I do quite a bit of coding (it’s part of my job, after all). Although I’ve worked and played with a dozen or two programming languages, the one I’ve used the most is python (you might also want to check out some of my writings on the subject).

Perhaps one of the most useful pieces of code I’ve written (in my opinion) is the tiny mpub script, used to temporarily make files public on a web server. If you don’t see any practical use for that then, well, perhaps you just don’t need it as much as me.

Python snippets

Some random (mostly rather old) code snippets that might be of semi-general interest.
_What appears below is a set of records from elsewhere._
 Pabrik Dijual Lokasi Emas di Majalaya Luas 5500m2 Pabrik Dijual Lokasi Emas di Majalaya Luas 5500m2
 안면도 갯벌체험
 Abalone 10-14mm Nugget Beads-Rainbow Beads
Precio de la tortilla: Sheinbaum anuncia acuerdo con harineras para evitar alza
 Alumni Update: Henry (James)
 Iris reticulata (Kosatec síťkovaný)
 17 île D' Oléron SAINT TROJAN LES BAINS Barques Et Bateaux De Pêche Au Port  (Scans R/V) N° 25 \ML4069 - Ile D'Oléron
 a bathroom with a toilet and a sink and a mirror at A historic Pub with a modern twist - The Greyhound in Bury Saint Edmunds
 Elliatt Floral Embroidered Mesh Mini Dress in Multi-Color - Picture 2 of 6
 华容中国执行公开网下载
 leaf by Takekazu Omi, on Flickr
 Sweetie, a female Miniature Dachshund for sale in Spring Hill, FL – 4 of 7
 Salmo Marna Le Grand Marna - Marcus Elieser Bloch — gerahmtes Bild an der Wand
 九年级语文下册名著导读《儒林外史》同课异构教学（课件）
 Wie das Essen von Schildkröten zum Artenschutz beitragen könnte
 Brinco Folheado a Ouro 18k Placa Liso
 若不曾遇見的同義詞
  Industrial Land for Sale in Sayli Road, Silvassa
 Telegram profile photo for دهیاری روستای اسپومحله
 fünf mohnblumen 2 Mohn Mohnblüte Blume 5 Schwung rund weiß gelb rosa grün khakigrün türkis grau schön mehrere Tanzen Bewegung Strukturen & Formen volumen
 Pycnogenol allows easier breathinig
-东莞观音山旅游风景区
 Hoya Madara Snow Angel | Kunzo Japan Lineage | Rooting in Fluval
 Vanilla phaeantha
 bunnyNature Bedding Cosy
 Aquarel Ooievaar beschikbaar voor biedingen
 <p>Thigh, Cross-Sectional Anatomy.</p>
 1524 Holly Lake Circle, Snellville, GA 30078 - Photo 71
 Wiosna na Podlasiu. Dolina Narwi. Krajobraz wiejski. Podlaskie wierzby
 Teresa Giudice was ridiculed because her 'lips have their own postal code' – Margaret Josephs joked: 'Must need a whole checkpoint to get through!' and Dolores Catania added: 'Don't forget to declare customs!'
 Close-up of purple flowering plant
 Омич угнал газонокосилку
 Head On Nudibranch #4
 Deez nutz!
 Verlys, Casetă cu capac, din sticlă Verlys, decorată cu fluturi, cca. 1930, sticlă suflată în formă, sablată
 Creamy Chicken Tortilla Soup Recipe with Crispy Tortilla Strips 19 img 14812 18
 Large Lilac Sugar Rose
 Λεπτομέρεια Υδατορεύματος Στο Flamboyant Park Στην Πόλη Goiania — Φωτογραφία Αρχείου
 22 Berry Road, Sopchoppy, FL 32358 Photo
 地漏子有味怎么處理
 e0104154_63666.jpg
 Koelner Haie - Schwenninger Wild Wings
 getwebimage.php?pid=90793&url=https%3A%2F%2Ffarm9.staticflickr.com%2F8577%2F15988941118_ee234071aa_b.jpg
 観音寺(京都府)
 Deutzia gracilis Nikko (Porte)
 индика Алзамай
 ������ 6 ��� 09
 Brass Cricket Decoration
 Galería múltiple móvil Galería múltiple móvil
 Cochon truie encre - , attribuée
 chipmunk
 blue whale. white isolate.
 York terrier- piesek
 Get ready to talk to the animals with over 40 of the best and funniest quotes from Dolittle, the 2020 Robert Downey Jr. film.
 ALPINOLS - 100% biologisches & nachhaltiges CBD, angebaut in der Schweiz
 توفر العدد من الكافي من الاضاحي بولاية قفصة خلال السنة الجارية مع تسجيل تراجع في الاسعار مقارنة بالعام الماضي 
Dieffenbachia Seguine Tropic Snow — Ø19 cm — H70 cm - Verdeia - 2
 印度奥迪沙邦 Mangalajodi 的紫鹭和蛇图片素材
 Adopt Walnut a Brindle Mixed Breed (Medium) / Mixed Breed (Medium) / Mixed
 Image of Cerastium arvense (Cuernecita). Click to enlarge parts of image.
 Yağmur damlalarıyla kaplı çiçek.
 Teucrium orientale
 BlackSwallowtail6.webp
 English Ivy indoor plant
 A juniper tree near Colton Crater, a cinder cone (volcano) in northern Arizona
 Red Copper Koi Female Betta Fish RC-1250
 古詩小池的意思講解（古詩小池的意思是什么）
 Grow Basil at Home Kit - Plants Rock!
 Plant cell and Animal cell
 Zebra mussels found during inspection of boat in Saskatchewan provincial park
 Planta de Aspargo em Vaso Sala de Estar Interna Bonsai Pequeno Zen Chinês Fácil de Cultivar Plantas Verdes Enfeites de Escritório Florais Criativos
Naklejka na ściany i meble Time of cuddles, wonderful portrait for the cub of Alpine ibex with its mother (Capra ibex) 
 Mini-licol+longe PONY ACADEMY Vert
A Naive Bayesian Classifier

This is a tiny implementation of a naive Bayesian classifier. You can train it by adding (with the add method) training “vectors”, that is, iterable objects (all of the same length) that contain hashable objects. Associated with each training vector is a class (another hashable object). After training, you can then classify unseen vectors; in other words, you can make the classifier which class best suits the vector.

The classifier is available here.

A PGM Reader

A tiny library for reading PGM (portable gray map) files into numeric arrays (requires numarray). It’s available here.

The Towers of Hanoi

I just had to do this one… The puzzle is well-known (a Web search should give you plenty of info), and it is easily solved with recursion. Take a look at source here.

A simple but powerful secret key encryption algorithm. The script is based on an original by Ka-Ping Yee, which implemented the CipherSaber-1 algorithm. In this script I’ve changed it to comply with the CipherSaber-2 algorithm, as well as using encoding the data in a simple form of “ASCII armour”, and using getpass to read the password, so it won’t end up in your UNIX history file. The script can be found here.

Algorithms in Python

Just a couple of standard algorithms: Levenshtein distance and the Bellman-Ford algorithm.

Parser for Minimal XML

Minimal XML is a subset of XML 1.0 which leaves out several non-essential features, such as attributes, mixed contents, empty tags, etc. A preliminary specification can be found here.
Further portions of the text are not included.